Son yerel seçimler döneminde TRT’den Öcalan mektupları okutulması...

Bunlar sadece ilk akla gelenler.

AKP, lideri Recep Tayyip Erdoğan önderliğinde 19 yıllık tarihinde içerde/dışarda hep “en iyi savunma saldırıdır” yöntemini benimsedi, muhalefeti hep savunmada bırakmaya çalıştı. Bunun için de yandaş medyanın, kurulan trol ordularının yardımıyla, her seferinde müthiç bir algı yönetimi kullanıldı.

Sonuç; yapılan bu algı yönetimleri işe yaradı. Seçimden seçime 180 derece değişen ittifaklar/söylemler ise seçmene hep “kandırıldık” cümlesiyle, bir “yol kazası” gibi sunuldu.

NE AYASOFYA İŞE YARADI, NE LİBYA HAREKATI DESTEK GÖRDÜ

Türkiye’de ekonomi iyi giderken;

AB ile bir yol tutturulup hak ve özgürlükler konusunda en azından makyaj adımlar atılırken;

Türkiye tüm komşularıyla öyle ya da böyle sıcak çatışma içine girmemiş-ya da sıcak çatışma eşiğine gelmemişken;

Algı yönetimi tutuyordu.

Ancak son yapılan yönetim sistemi değişikliği ile “ortak akıl” bir tarafa bırakılıp, tek kişinin fikir, çıkar ve değerleri üzerinden politika yapılmaya çalışılınca işler karıştı.

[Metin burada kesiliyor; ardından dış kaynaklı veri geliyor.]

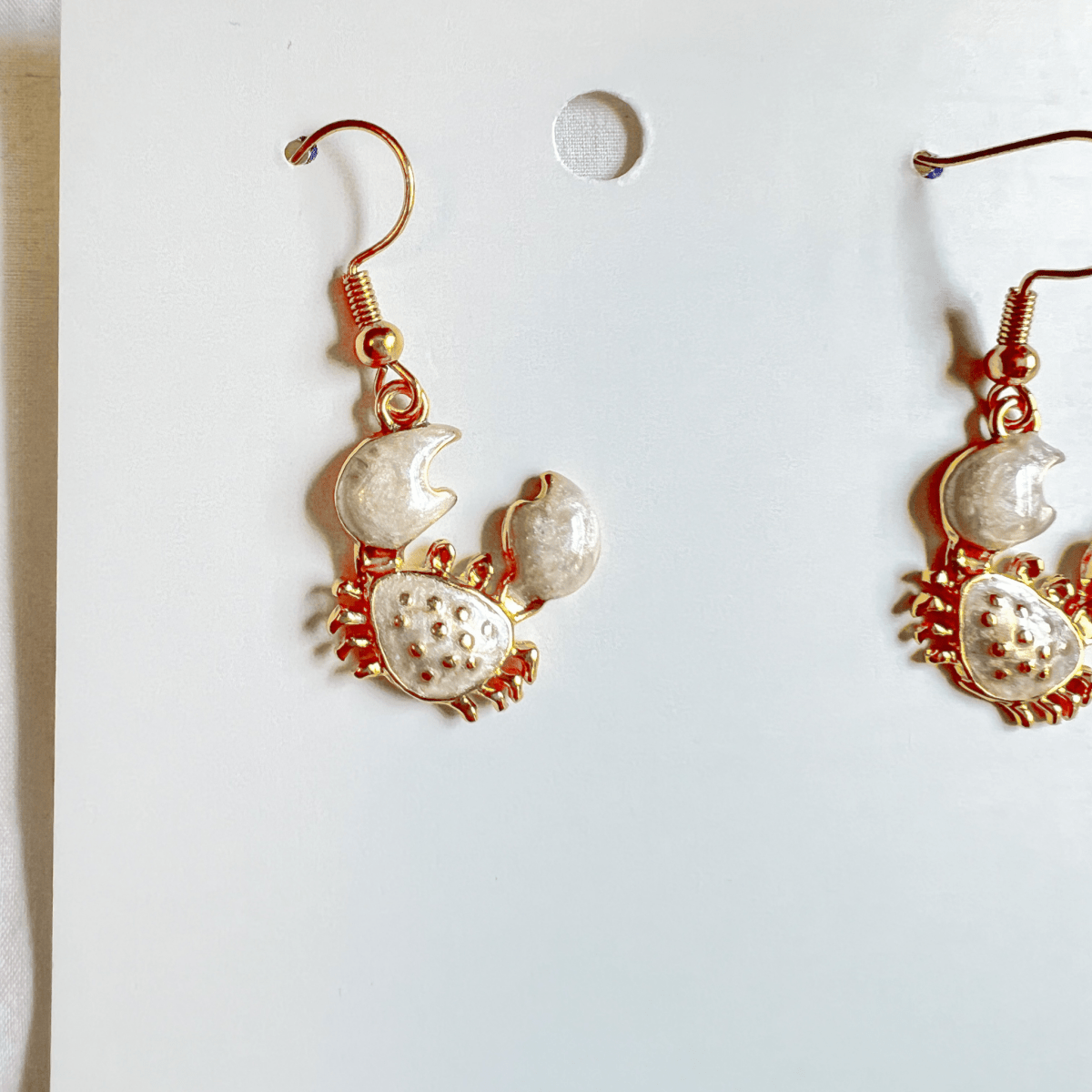 Classic Crab Earrings - ALilBitOfSpice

Artık AKP’nin yaptığı hiçbir algı yönetimi de tutmuyor.

Bakın son dönemdeki örneklere;

- Ayasofya’yı ibadete açıp, laik muhalefetle gerginlik çıkarmayı, kendi seçmen kitlelerinde de safları sıkılaştırmayı planlıyorlardı; Tutmadı. Ayasofya açıldı, muhalefet “hayırlı olsun” deyip, yine işsizlikten, açlıktan, ekonomik krizden konuşmaya devam etti. Gerginlik çıkmayınca, AKP’li seçmenlerin “birarada tutulması, safların sıkılaştırılması” da hayal oldu.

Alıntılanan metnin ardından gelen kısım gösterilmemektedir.